--- a/src/HOL/IMP/Natural.thy Sat May 22 11:01:59 2010 +0200
+++ b/src/HOL/IMP/Natural.thy Sat May 22 16:46:18 2010 -0700
@@ -25,6 +25,16 @@
notation (xsymbols)
update ("_/[_ \<mapsto> /_]" [900,0,0] 900)
+text {* Disable conflicting syntax from HOL Map theory. *}
+
+no_syntax
+ "_maplet" :: "['a, 'a] => maplet" ("_ /|->/ _")
+ "_maplets" :: "['a, 'a] => maplet" ("_ /[|->]/ _")
+ "" :: "maplet => maplets" ("_")
+ "_Maplets" :: "[maplet, maplets] => maplets" ("_,/ _")
+ "_MapUpd" :: "['a ~=> 'b, maplets] => 'a ~=> 'b" ("_/'(_')" [900,0]900)
+ "_Map" :: "maplets => 'a ~=> 'b" ("(1[_])")
+
text {*
The big-step execution relation @{text evalc} is defined inductively:
*}
@@ -111,7 +121,7 @@
in the same @{text s'}}. Formally:
*}
definition
- equiv_c :: "com \<Rightarrow> com \<Rightarrow> bool" ("_ \<sim> _") where
+ equiv_c :: "com \<Rightarrow> com \<Rightarrow> bool" ("_ \<sim> _" [56, 56] 55) where
"c \<sim> c' = (\<forall>s s'. \<langle>c, s\<rangle> \<longrightarrow>\<^sub>c s' = \<langle>c', s\<rangle> \<longrightarrow>\<^sub>c s')"
text {*
--- a/src/HOLCF/Cfun.thy Sat May 22 11:01:59 2010 +0200
+++ b/src/HOLCF/Cfun.thy Sat May 22 16:46:18 2010 -0700
@@ -100,7 +100,7 @@
subsection {* Continuous function space is pointed *}
lemma UU_CFun: "\<bottom> \<in> CFun"
-by (simp add: CFun_def inst_fun_pcpo cont_const)
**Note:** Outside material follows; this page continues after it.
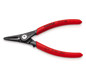 Circlip pliers Outer ring 140 mm, Ø 3-10 mm, grey, straight Knipex 49 31 A0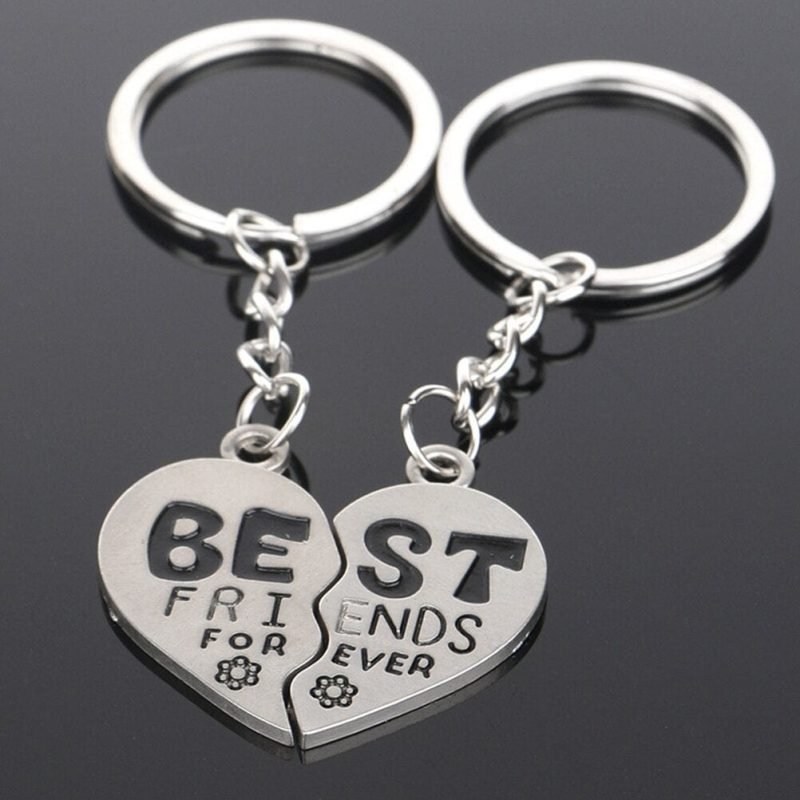 Infinity Friendship Keychain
+by (simp add: CFun_def inst_fun_pcpo)
instance cfun :: (finite_po, finite_po) finite_po
by (rule typedef_finite_po [OF type_definition_CFun])
@@ -139,9 +139,37 @@
lemma Abs_CFun_inverse2: "cont f \<Longrightarrow> Rep_CFun (Abs_CFun f) = f"
by (simp add: Abs_CFun_inverse CFun_def)
-lemma beta_cfun [simp]: "cont f \<Longrightarrow> (\<Lambda> x. f x)\<cdot>u = f u"
+lemma beta_cfun: "cont f \<Longrightarrow> (\<Lambda> x. f x)\<cdot>u = f u"
by (simp add: Abs_CFun_inverse2)
+text {* Beta-reduction simproc *}
+
+text {*
+ Given the term @{term "(\<Lambda> x. f x)\<cdot>y"}, the procedure tries to
+ construct the theorem @{term "(\<Lambda> x. f x)\<cdot>y == f y"}. If this
+ theorem cannot be completely solved by the cont2cont rules, then
+ the procedure returns the ordinary conditional @{text beta_cfun}
+ rule.
+
+ The simproc does not solve any more goals that would be solved by
+ using @{text beta_cfun} as a simp rule. The advantage of the
+ simproc is that it can avoid deeply-nested calls to the simplifier
+ that would otherwise be caused by large continuity side conditions.
+*}
+
+simproc_setup beta_cfun_proc ("Abs_CFun f\<cdot>x") = {*
+ fn phi => fn ss => fn ct =>
+ let
+ val dest = Thm.dest_comb;
+ val (f, x) = (apfst (snd o dest o snd o dest) o dest) ct;
+ val [T, U] = Thm.dest_ctyp (ctyp_of_term f);
+ val tr = instantiate' [SOME T, SOME U] [SOME f, SOME x]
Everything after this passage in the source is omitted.